The results of this work is another example of the wide range of probiotic activity. Generally considered important for relieving digestive disorders, replenishing probiotics may be key to almost every aspect of good health.
Wang X, Ba T, Cheng Y, Zhang P, Chang X. Probiotics alleviate adipose inflammation in high-fat diet-induced obesity by restoring adipose invariant natural killer T cells. Nutrition. Available online 25 April 2021, 111285. https://doi.org/10.1016/j.nut.2021.111285
Objective: Invariant natural killer T (iNKT) cells, which are depleted in obese individuals, play important roles in preventing diet-induced obesity and associated disorders. Probiotic supplementation can alter the gut microbiota and immunomodulation in obesity. However, it remains unclear whether probiotics can affect visceral adipose iNKT cells.
Methods: Wild-type (WT) male C57BL/6 mice and CD1d knockout (CD1dKO) mice were fed a high-fat diet (HFD) or normal-fat diet (NFD). Some mice received active or heat-killed VSL#3 probiotics. Preventative VSL#3 therapy was also administered to HFD mice. Body weight, metabolic parameters, expression of genes encoding adipose inflammatory factors (IL-4, IL-10, TNF-α, IFN-γ, and IL-6), adipose iNKT cell frequency, and sub-phenotype were evaluated.
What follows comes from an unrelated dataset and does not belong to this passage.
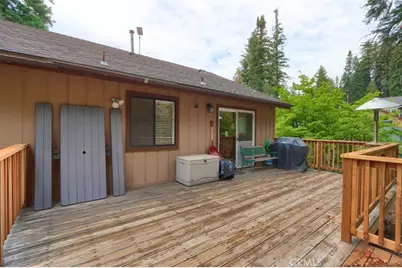 7430 Henness Ridge Road, Yosemite, CA 95389 - Photo 25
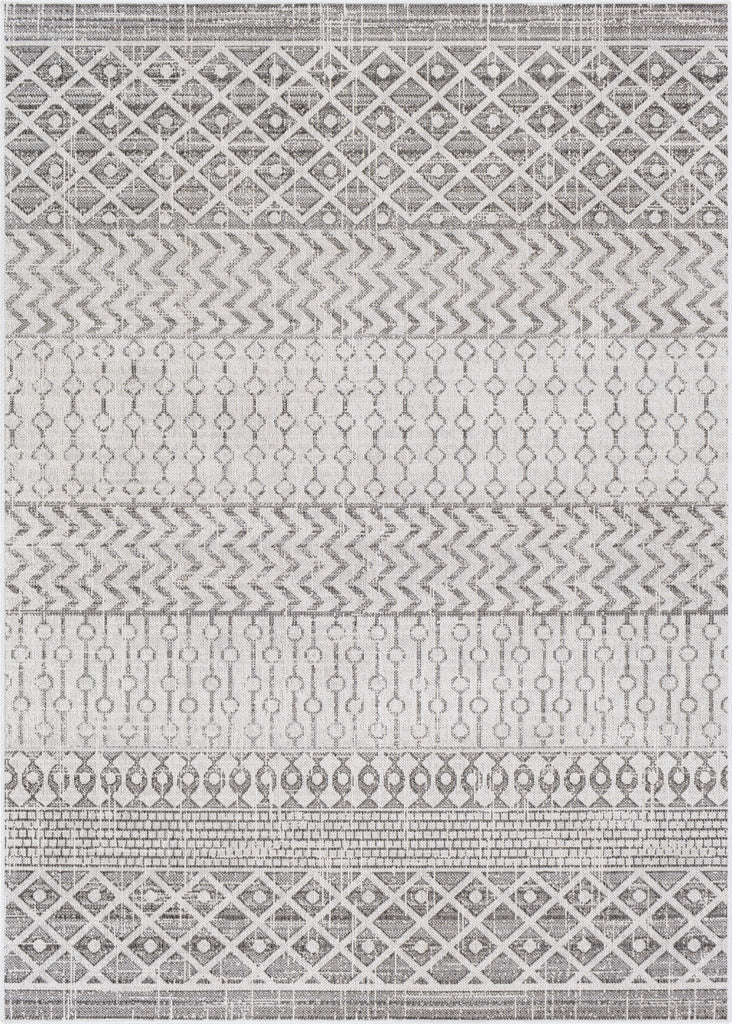 Surya Veranda VRD-2305 Area Rug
Results: HFD induced more severe obesity in CD1dKO mice than in WT mice. VSL#3 intervention significantly improved HFD-induced weight gain, adipose iNKT cell depletion, and metabolic and adipose inflammatory profiles in WT mice, but not in CD1dKO mice. Preventative VSL#3 treatment improved HFD-induced obesity and metabolic parameters, and elevated total adipose iNKT and IL-4+ iNKT cell frequencies.
Conclusions: Probiotic intervention alleviated weight gain, improved metabolic parameters, and reduced adipose inflammation in HFD-induced obesity. These effects seem to depend on the restoration of visceral adipose iNKT cells. These findings have potential implications for the management of obesity-related diseases.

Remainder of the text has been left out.